D'autres ont choisi le président sortant, soit pour des raisons d'efficacité économique soit à cause de leurs convictions éthiques: je laisse ici le volet économique à la compétence de notre ami Bernard pour m'attacher au volet éthique.

En effet, il en a été peu question, non seulement dans les débats, mais encore dans l'analyse des résultats. Or je sais l'importance de cet aspect pour une partie non négligeable des électeurs: les chrétiens, dont je suis, mais aussi, par ordre chronologique d'arrivée dans notre pays, les juifs, les musulmans et les bouddhistes - sans compter tous ces autres que je connais moins mais qui partagent aussi ces convictions.

Si ces questions, qui renvoient à l’idée philosophique (ou religieuse) qu’on a de l’homme, orientent nécessairement la façon de comprendre le vivre-ensemble, donc les choix politiques, elles ne sauraient pourtant être tranchées par l’opinion d’un candidat ou d’un parti, comme on l’a bien vu dans la façon dont a été préparée la loi Léonetti, finalement votée à l’unanimité, aussi bien à l’Assemblée qu’au Sénat, moyennant un travail préparatoire long qui a réuni des personnes de tous horizons philosophiques et professionnels, traversant tous les partis politiques. C’est ainsi que l’idée d’une adoption par des couples homosexuels aurait été réfléchie si elle avait été soulevée par notre candidat, supposé devenu président...

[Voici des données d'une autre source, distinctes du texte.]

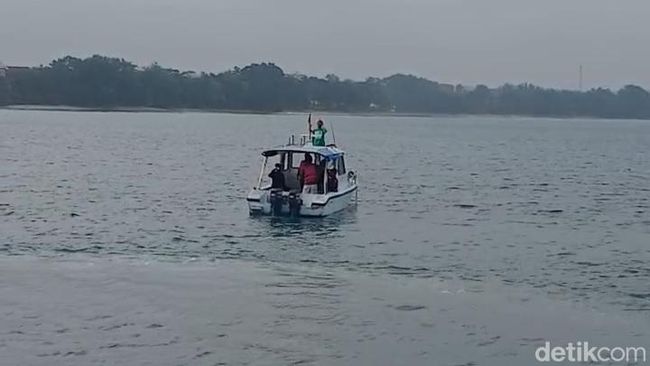 Pencarian Jurnalis Hilang saat Liput Anak Krakatau, Warga Ikut Bantu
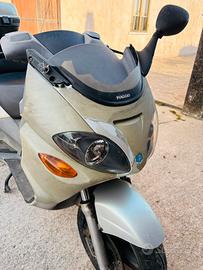 Piaggio X9 250 - ricambi/ sistemare
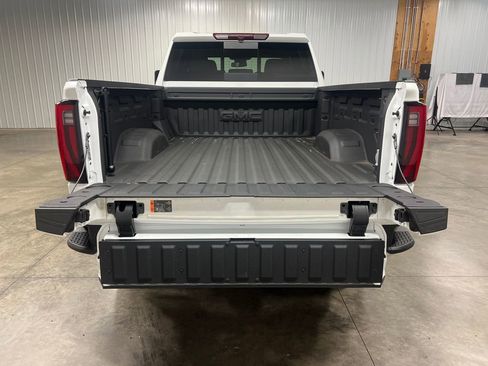 Certified 2025 GMC Sierra 2500 SLT w/ SLT Premium Package AWD/4WD image 11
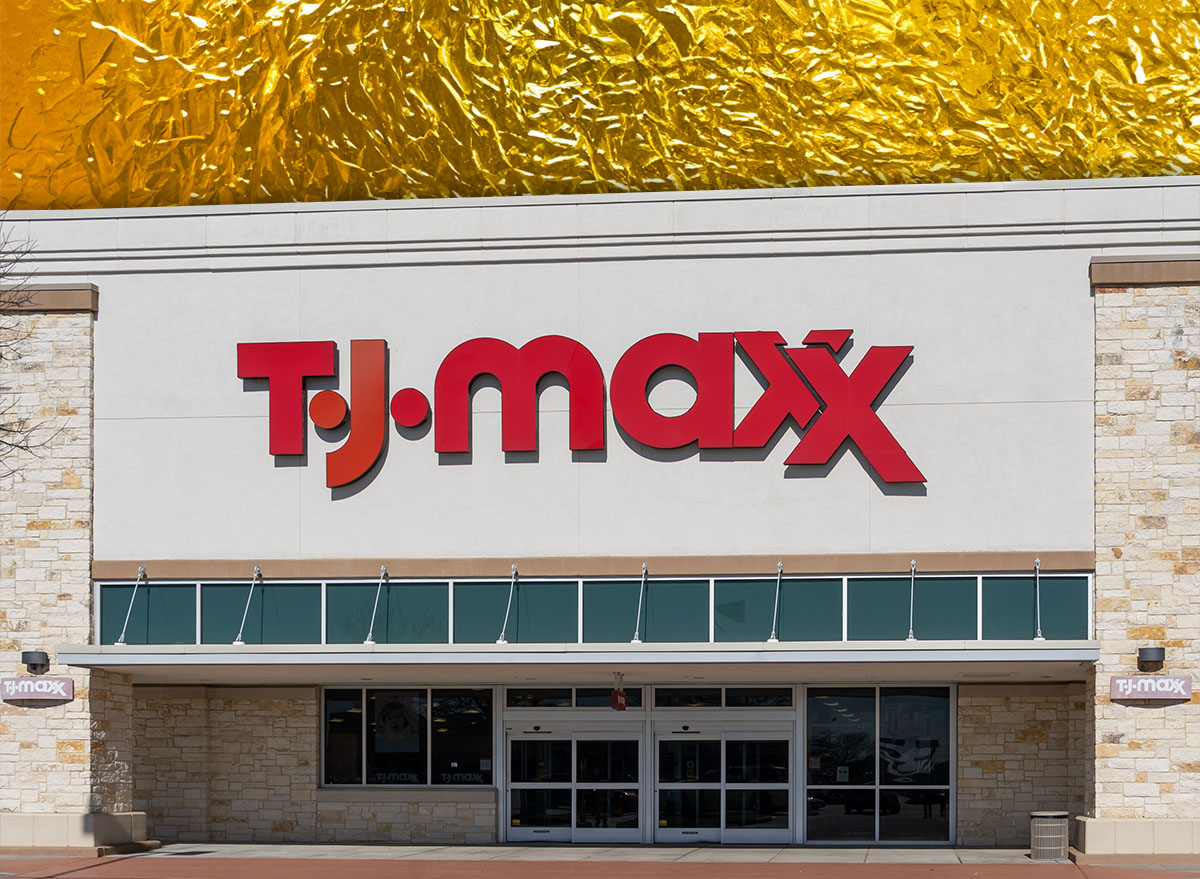 11 New TJ Maxx Fall Finds That Look Like Pottery Barn for Less. Pearland, Texas, USA - March 1, 2022: A TJ Maxx store in Pearland, Texas, USA. TJ Maxx is an American department store chain.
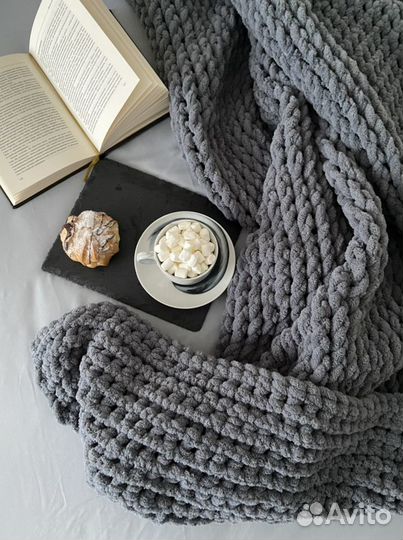 Мягкий плед-покрывало на кровать / диван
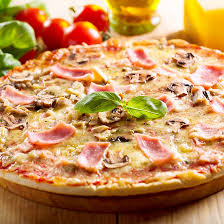 Délicieuse pizza au jambon et aux champignons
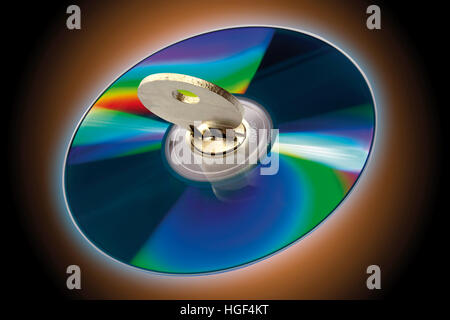 CD/DVD con serratura e chiave: simbolo per la sicurezza dei dati Foto Stock
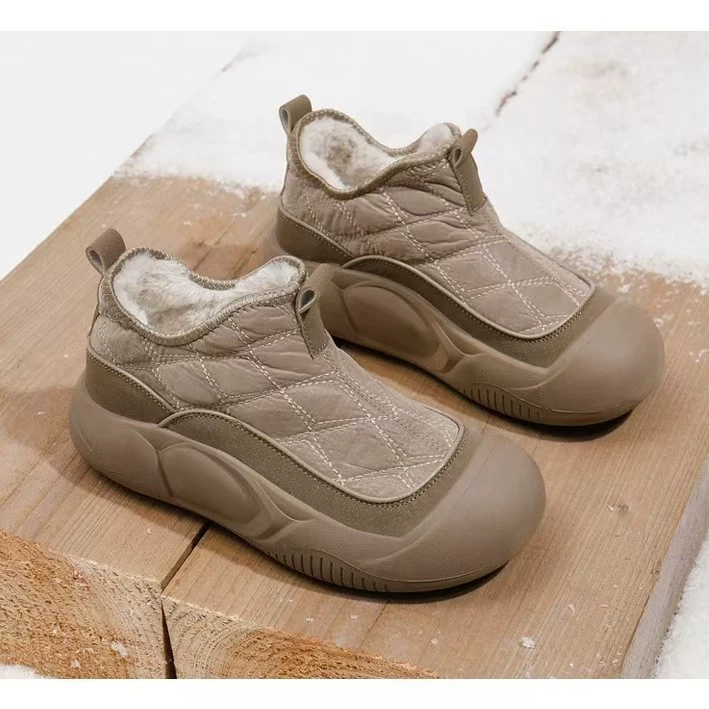 Зимние женские сапоги на плоской подошве в новом стиле, модные повседневные короткие сапоги с нескользящей подошвой, водонепроницаемая хлопковая обувь, теплая женская хлопковая обувь.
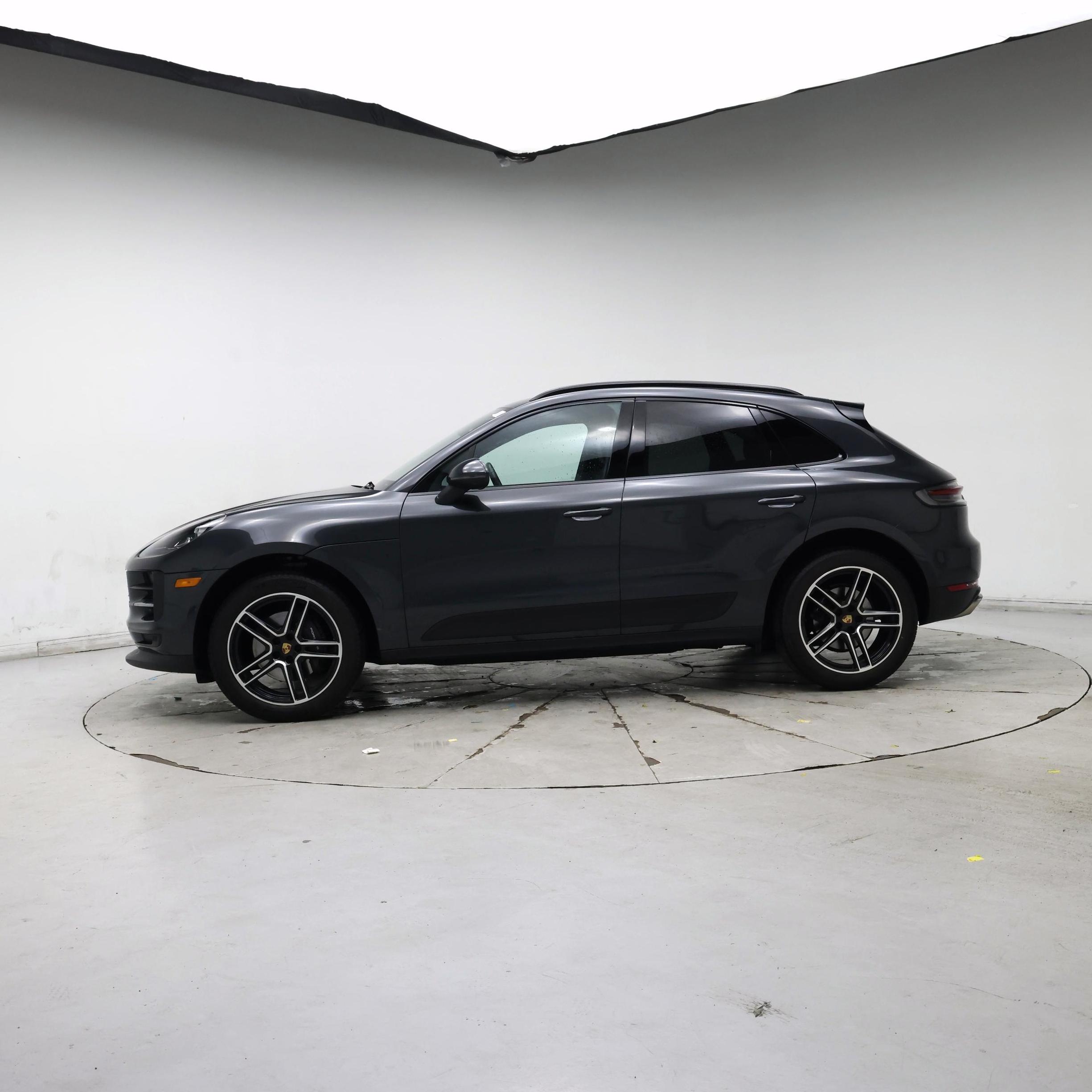 Thumbnail: 2021 Porsche Macan - 3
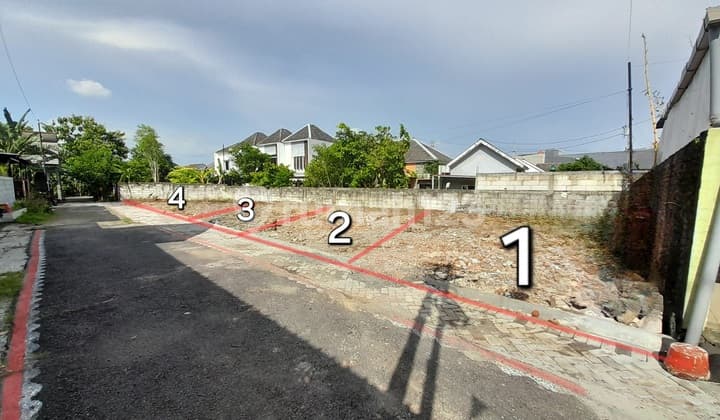 Rumah Berlian Sambiroto Dekat Kampus Unimus Semarang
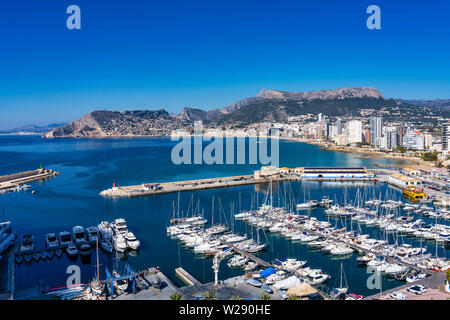 Mediterranean Resort Calpe près de Valence, Costa Blanca, Espagne Banque D'Images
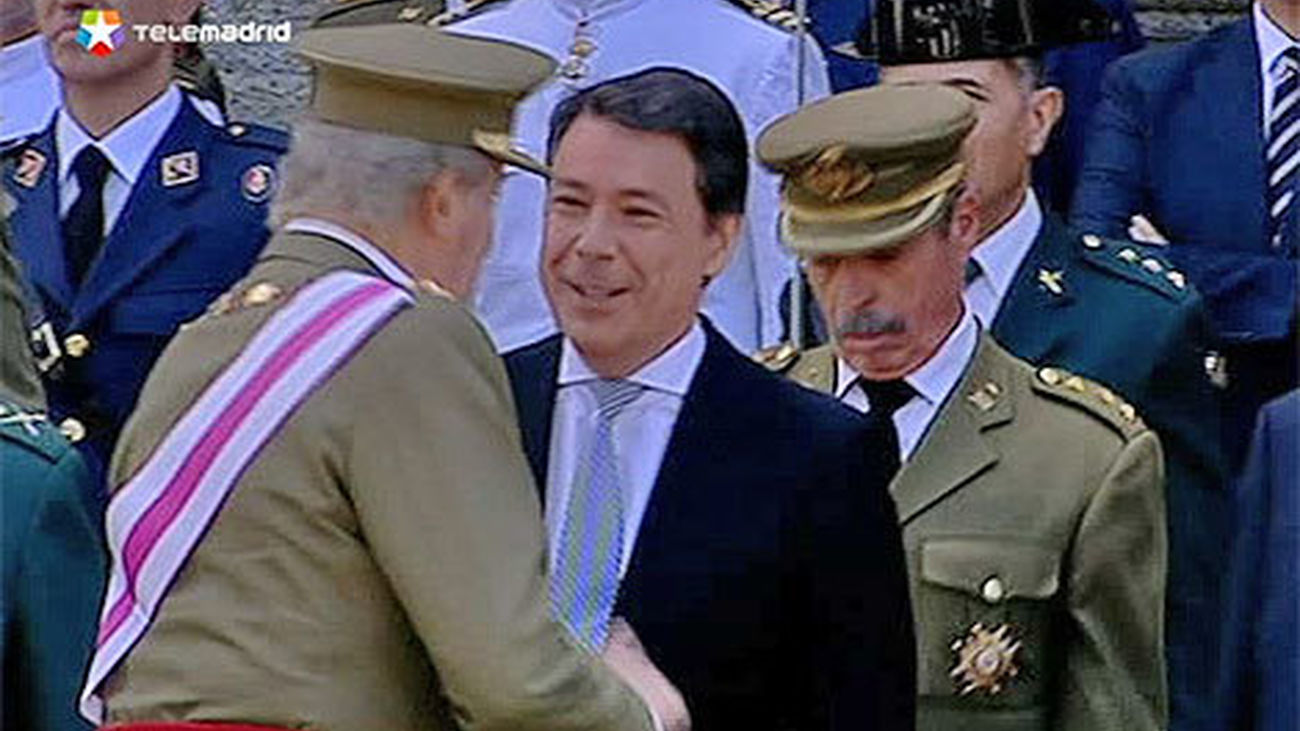 González: "La inmensa mayoría sigue a favor de la monarquía parlamentaria"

Si le nouveau président les met sur la table, on est en droit d'espérer qu'il ne les fera pas passer en force mais proposera aux instances concernées d’y réfléchir. En effet, c'est en réponse aux questions soulevées par la demande d'euthanasie que la loi Léonetti a amené à prendre en charge correctement la souffrance des malades en fin de vie.
Quand une question est posée par la société, mieux vaut la mettre sur la table et en discuter, à condition d'avoir l'honnêteté intellectuelle de ne pas préjuger des conclusions: ainsi on peut trouver des solutions qui fassent passer de la guerre à la concorde, en cherchant un socle commun de convictions au fondement d'approches que tout n'oppose peut-être pas.

C'est bien cette attitude que nous escomptons de la part du Président élu s'il souhaite favoriser une participation constructive de l'ensemble des Français, dans la difficile charge qui lui incombe, puisqu'il déclare vouloir rester à sa place de Président de la République, sans prendre la place ni du Parlement ni des autres médiations établies par la République.
Il est probable d'ailleurs qu'il aura des questions pratiques et directement politiques plus urgentes à traiter avant de soulever ces questions de fond!
Pour ma part, j'accorde la présomption d'innocence, ou au moins d'honnêteté, même au Président de la République! Et il y a encore les élections législatives. La démocratie n'existe que si l'on s'en sert: continuons à lui faire confiance!